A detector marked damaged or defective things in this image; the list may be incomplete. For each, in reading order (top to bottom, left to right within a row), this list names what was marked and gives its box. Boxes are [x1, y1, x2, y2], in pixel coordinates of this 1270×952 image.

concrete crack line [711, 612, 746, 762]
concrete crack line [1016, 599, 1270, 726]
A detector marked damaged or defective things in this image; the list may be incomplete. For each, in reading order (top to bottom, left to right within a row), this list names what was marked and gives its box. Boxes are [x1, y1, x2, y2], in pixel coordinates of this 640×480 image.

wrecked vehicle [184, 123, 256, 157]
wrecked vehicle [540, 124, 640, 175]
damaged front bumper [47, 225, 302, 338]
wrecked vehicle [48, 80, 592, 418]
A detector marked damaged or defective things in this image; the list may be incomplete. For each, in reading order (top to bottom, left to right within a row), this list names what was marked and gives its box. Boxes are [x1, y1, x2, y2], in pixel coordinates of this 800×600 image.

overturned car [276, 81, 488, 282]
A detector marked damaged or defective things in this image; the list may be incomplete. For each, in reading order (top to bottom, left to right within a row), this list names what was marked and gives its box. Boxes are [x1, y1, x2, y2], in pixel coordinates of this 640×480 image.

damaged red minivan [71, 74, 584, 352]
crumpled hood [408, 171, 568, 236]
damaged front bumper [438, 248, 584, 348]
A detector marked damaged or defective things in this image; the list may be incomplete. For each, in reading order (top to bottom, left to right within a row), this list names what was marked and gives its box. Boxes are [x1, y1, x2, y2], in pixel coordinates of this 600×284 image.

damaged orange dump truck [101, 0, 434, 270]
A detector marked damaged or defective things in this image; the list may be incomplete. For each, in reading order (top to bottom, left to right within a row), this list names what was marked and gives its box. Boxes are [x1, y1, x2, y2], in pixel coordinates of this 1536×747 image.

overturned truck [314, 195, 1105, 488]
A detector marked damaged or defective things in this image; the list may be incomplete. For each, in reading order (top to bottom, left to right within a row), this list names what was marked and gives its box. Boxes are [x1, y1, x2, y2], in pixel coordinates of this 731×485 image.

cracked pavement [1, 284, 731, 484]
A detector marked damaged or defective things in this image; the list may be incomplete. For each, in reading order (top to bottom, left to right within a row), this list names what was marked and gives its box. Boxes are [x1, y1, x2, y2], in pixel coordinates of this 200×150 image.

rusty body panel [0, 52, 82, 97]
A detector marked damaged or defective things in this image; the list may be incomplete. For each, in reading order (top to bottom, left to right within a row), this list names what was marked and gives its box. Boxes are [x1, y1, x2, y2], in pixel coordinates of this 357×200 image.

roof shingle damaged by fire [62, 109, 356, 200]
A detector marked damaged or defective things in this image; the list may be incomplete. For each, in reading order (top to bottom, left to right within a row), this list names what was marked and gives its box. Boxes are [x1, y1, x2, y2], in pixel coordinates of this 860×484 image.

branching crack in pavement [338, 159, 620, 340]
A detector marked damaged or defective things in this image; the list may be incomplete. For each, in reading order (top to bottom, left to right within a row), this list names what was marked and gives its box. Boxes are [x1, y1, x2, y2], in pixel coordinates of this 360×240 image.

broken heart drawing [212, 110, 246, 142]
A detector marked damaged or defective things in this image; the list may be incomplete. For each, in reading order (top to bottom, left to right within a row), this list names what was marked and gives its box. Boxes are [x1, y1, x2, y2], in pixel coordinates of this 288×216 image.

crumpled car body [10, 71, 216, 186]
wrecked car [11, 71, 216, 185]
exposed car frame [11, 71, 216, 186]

* * * *

- **What you need to do**: Set down no line except those from the one with "this 288×216 image." to the last line of the data, inclusive, each exactly as written.

- **Exercise output**:
A detector marked damaged or defective things in this image; the list may be incomplete. For each, in reading order (top to bottom, left to right within a row), this list names what was marked and gives its box. Boxes are [x1, y1, x2, y2], in pixel coordinates of this 288×216 image.

crumpled car body [10, 71, 216, 186]
wrecked car [11, 71, 216, 185]
exposed car frame [11, 71, 216, 186]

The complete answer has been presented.